A year ago, Steve Allison believed he would easily sail to reelection in the Texas House of Representatives. He’d held the seat near San Antonio since 2019, and had faithfully sided with Gov. Greg Abbott, a fellow Republican, on nearly every issue. The group Mothers Against Greg Abbott even handed Allison an “F” on its report card.

But in late 2023, Abbott began speaking out against him. With the support of other lawmakers and several political action committees, the governor began portraying Allison as weak on border security and property tax relief — two no-compromise issues for Texas GOP voters. In February, one PAC ran a campaign ad calling Allison “wrong for Texas.”

The San Antonio Express-News endorsed him as “easily the most qualified candidate in this race,” but the attacks stuck: Voters in his district showed him the door in the March 5 primary, overwhelmingly choosing Marc LaHood, a criminal defense attorney with no political experience, as the Republican nominee.

Texas Gov. Greg Abbott speaks at a Houston school rally in 2023. Abbott, a Republican, is working to reshape Texas’ legislature to approve a long-sought statewide ESA, in the process urging voters to oust fellow Republicans who disagree. (Jon Shapley/Houston Chronicle/Getty Images)

In an interview, Allison said his defeat came down to one unlikely issue: school choice, specifically his opposition to Abbott’s long-stalled effort to enact a statewide Education Savings Account to help families pay for private and homeschool expenses.

It’s a scenario that’s playing out in Texas and beyond as lawmakers, pushing to remake legislative maps, increasingly turn for assistance to groups like the American Federation for Children and the School Freedom Fund, a pro-ESA group tied to tech billionaire Jeff Yass. Yass, a well-known Pennsylvania-based school choice proponent and investor in TikTok parent company Byte Dance, has spent millions to promote ESAs.
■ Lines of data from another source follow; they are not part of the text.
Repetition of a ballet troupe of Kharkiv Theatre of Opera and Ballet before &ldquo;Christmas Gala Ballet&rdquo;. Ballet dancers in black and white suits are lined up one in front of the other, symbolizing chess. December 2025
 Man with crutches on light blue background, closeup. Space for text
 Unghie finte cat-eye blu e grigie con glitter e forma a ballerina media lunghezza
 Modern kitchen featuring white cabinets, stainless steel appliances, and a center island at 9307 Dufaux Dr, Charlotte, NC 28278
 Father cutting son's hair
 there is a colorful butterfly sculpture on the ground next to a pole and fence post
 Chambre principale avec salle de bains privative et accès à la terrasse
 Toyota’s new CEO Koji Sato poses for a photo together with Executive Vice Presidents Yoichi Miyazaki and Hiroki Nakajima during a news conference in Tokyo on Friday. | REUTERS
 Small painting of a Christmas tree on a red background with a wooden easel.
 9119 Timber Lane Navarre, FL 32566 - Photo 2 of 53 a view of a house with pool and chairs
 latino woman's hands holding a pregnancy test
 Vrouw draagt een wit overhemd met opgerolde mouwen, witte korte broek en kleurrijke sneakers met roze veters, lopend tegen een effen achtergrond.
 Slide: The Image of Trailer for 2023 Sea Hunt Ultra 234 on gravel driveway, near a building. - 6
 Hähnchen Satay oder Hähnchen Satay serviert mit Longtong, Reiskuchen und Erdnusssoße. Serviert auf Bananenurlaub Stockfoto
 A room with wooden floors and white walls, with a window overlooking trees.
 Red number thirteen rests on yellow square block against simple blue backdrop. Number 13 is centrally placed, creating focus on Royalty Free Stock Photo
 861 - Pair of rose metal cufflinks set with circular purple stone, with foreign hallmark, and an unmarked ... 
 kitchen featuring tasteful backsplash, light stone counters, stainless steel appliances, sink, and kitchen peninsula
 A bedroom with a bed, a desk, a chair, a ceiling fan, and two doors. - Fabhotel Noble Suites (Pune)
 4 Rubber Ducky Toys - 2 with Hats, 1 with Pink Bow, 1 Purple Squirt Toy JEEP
To single us out and to focus so much by the governor on this one issue is very shortsighted.

Texas State Rep. Steve Allison

The effort has already changed the ballot this November and produced an unprecedented shift in statehouses, with lawmakers increasingly approving taxpayer support for private education. Seventeen states now have universal or near-universal ESA programs. 

Whether it’s via a traditional voucher, which gives families tuition for private education, a tax credit, or a less restrictive ESA fund, the idea is increasingly finding favor in state legislatures. In Florida, families can receive 72% of what the state spends per-pupil; in Arizona, it equals 90%. The pro-school-choice group EdChoice has estimated that more than 328,000 students now take advantage of ESAs, up from 40,000 in 2022.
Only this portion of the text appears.